Little Sister and I noticed in the morning that God had answered one of her specific prayers from the night before.

While we were at the store and brothers #2 & 3 were debating which Matchbox car to buy with their hard-earned money, brother #1 noticed a car dropped on the floor and (without asking) picked it up and put it away on the shelf. For some kids this might be an easy, everyday occurrence – nothing worth noting – but for him it is not, and I was so pleased to see it.

I had a long-overdue conversation with one brother about how to speak in a way that would not frustrate his younger brother and it appeared that we made some progress.

Little Sister received a much-needed consequence for teasing a brother; something I had been putting off for far too long.

I found some time alone with brother #3 and we were able to talk through a fear he was facing.

And, finally, during my frazzled checkout experience at the grocery store, I was able to explain the situation to our older boys, ask for their help, and watch them each do exactly as I asked without complaining. One of them unloaded groceries from the cart to the scanning area, another took the filled bags back to the cart, and the third kept the Wandering Toddler in his seat.

So what is the point in all of this? First of all, contrary to the firmly held belief of one overly-dramatic child in our family, one bad experience does not a Failed Day make.

Secondly, school is not everything. Now, I am not normally the type who needs to be reminded of this. Our homeschool has generally been more on the “wild & free” end of the spectrum rather than the “recreate a classroom” end, partially on purpose but partially out of necessity during all the exhausting years of pregnancy and sleep-less newborns. But this year, with no pregnancy or newborns in sight, I have been pushing myself to be more diligent at our work, which makes it a little more frustrating when a day doesn’t go as planned.

Therefore the reminder to myself: there is more, much more, to life than school accomplishments. These moments that I spend coaching attitudes and modeling behaviors and teaching correct responses to difficult situations – these moments of character training at home are ultimately worth far more in the long run than my child’s understanding of long division.

A day spent training character is a day well spent.

homeschool boy standing by a pond

Often we homeschoolers will proudly declare that we want to spend this time all-day-every-day with our children so that we can shape their character and teach them morals, but when it comes down to it, do we begrudge the time that it takes? I know I often do. “Why can’t you just stop teasing your brother so we can get through this science book??” It’s easy to say that character training at home is most important, but not so easy to stop in the middle of your day, put the book aside, and actually do it.

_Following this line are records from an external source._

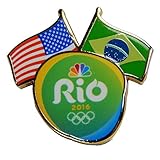 2016 NBC Rio Olympic Media Pin - Dual Flag Pin (USA & Brazil)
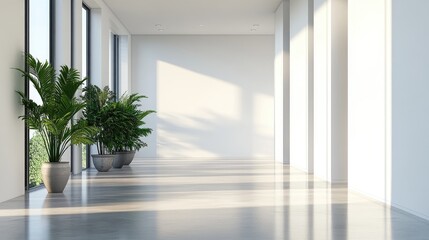 Fototapeta premium A sleek hallway in minimalist design, with white walls, polished concrete floors, and a row of potted plants, creating a sense of openness and flow.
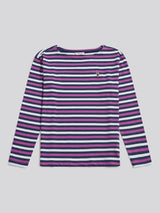 Womens Multicolour Stripe Long Sleeve Boatneck T-Shirt in Navy Iris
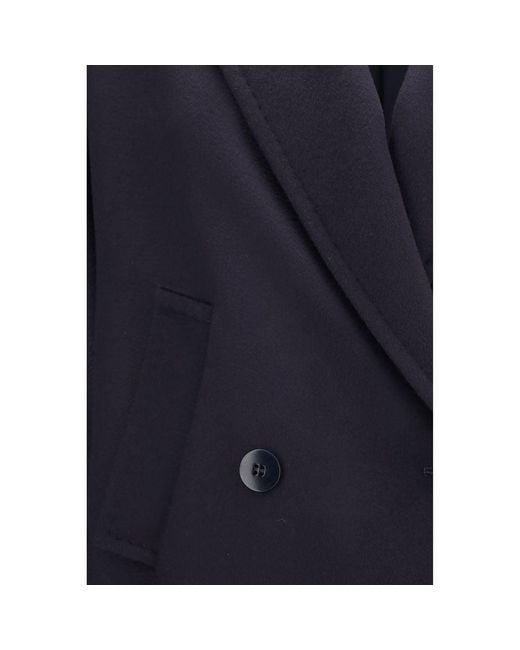 Max Mara Blue Wool Oves Aries Coat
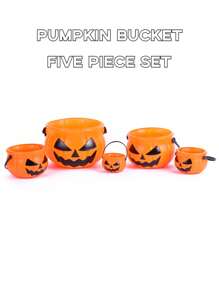 全新万圣节装饰南瓜桶手提包，3D趣味酒吧派对氛围玩具装饰 - 彩色 - 查看 9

Character training will never come up in a standardized test and doesn’t have grade levels. You don’t get accolades from friends and family for making it to the state level of Gentleness League or Self-Control Bowl. We don’t get the satisfaction of completing a course in Kindness, wiping our hands, and saying, “Well, that’s done!” It’s also a very, very long game in which we may not see fruit for months or years or even decades. And did I mention it’s hard? No wonder public schools don’t even try!

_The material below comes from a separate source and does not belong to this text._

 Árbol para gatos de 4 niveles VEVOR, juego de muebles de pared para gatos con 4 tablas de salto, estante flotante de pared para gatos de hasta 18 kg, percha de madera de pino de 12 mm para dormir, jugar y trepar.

No one but a parent would ever have the patience for something like this. No one but God would be able to empower said parent to keep going after the sudden realization that their personal store of patience for the day is utterly gone and we haven’t even finished breakfast.

Thirdly, discouragement is real, and it’s not wrong to feel that way, but it’s also not always the most true portrayal of our day. Yes, there were discouraging aspects to my stressful day, but there were also many good and beautiful moments. Perhaps it is because the “failed” parts feel weightier that we forget that the good moments usually significantly outnumber the failures!

A quiet moment spent asking myself some questions might bring some clarity and balance. “Are these feelings of failure actually true or are they exaggerated? Is there more to the picture that I am forgetting? What can I be thankful for today?”

Indeed, I can be thankful for the difficult moments of parenting because they keep me humble and remind me that I am still not enough for this job! Merely typing up this little story of my little troubles is humbling, because although it was truly stressful for my peace-loving introvert brain, in the grand scheme of things this was not a catastrophe by any measure. No one’s life was in danger, we were not facing war or famine or pestilence or any other true hardship – and shouldn’t I be able to handle a lousy self-checkout with five children on hand?

Answer: no. In myself, I cannot handle anything, but it is God who works in and through me for his glory. Hence, humility and thankfulness.

toddler boy walking down a path at home

Fourthly and finally, never, ever haul your children to the store right before dinner, and if you must… buckle up those toddlers and DO NOT use the self-checkout.